Earlier this summer, Wendy Davis was in the news for participating in an eleven-hour long filibuster to block Senate Bill 5, a measure which included more restrictive abortion regulations for Texas. The Texas anti-abortion bill threatened to close nearly all of the abortion clinics in the state. Lawmakers had to vote on Senate Bill 5 before the special session’s end at 12 a.m. local time. However, more than 400 protesters halted the proceedings 15 minutes before the roll call could be completed with what they called “a people’s filibuster”. The crowd of demonstrators in the capitol cried “Shame! Shame!” when Davis’ filibuster was halted by Lt. Gov. David Dewhurst, then the protesters roared after state Sen. Leticia Van De Putte asked, “At what point must a female senator raise her hand or her voice to be recognized over her male colleagues?” Their cries continued to echo inside the chamber — and over a livestream watched by thousands around the world — until after the midnight deadline passed. When Senator John Whitmire told Davis “This will not become a law”, the crowd of protesters gathered in the capitol cheered and began singing “The Eyes of Texas”, which is the alma mater of the University of Texas at Austin. After the filibuster, Davis was quoted saying, “Today was democracy in action. You all are the voices we were speaking for from the floor.”
This filibuster received a ton of press through average citizens; they were tweeting, posting on Facebook, sending videos and making this event viral and newsworthy. This is a direct example of gatekeeping. This was known as “A People’s Filibuster”, because the people were responsible for gaining support and spreading the news about the Bill and Wendy Davis’ commitment. Gatewatching was involved with shares of pictures and statuses on Facebook, as well as through retweets on Twitter. The constant presence made this event a national story, and that was all possible because of individuals. Cecile Richards, President of Planned Parenthood, tweeted about Wendy Davis’ win, and her tweet received over 1,000 retweets. This is just one example of how people are gatekeeping and gatewatching. President Barack Obama also shared a video via twitter about Wendy Davis, and his tweet received over 17,000 retweets. According to Kate Sommers-Dawes of mashable.com, “As the tweets, Facebook posts, and Vine videos rolled in, Tuesday became a huge day for new media and, on a larger scale, democracy itself. People were engaged. In that moment, they didn’t have Rachel Maddow or Bill O’Reilly on 24-hour cable news to tell them what they should be up in arms about or how they should think about it. They took to the Internet, watching, commenting, and getting their hands dirty in the political discourse as history was made, in what otherwise would have been a largely ignored issue germane only to one state of many.”

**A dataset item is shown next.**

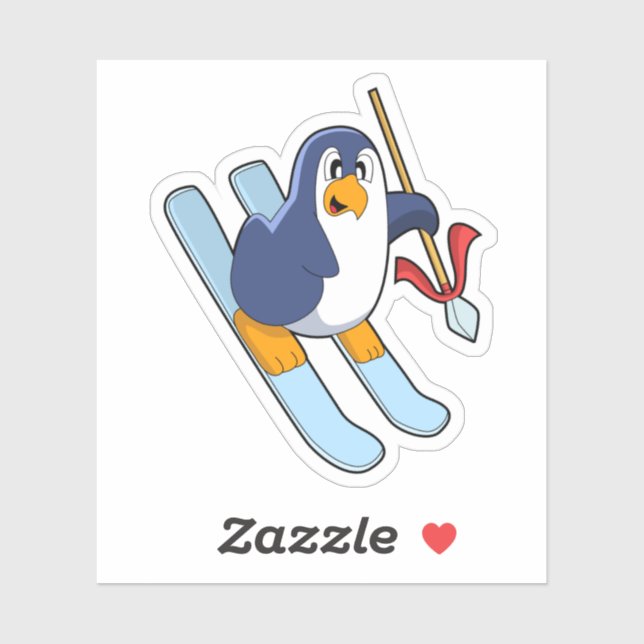 Sticker Pingouin comme skieur avec ski (Feuille)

I would say this article included gatekeeping and gatewatching practices, and not so much of gatecrashing. Gatecrashing doesn’t go through the typical channels of mainstream media gatekeeping, and I know this event was very mainstream and in the public eye. The forces of gatekeeping and gatewatching were mutually reinforcing. The people decided this event was important, and once enough people took to social media to share their thoughts and updates on the event, more people had access to it. Everyone started posting and sharing about Wendy Davis, making the people the journalists. Gatewatching occurred through the countless retweets and shares. What does this say about the people? It says that people are engaged and use social media to decide what they think about current events. It shows the world that social media has the power to unite people and ultimately create change.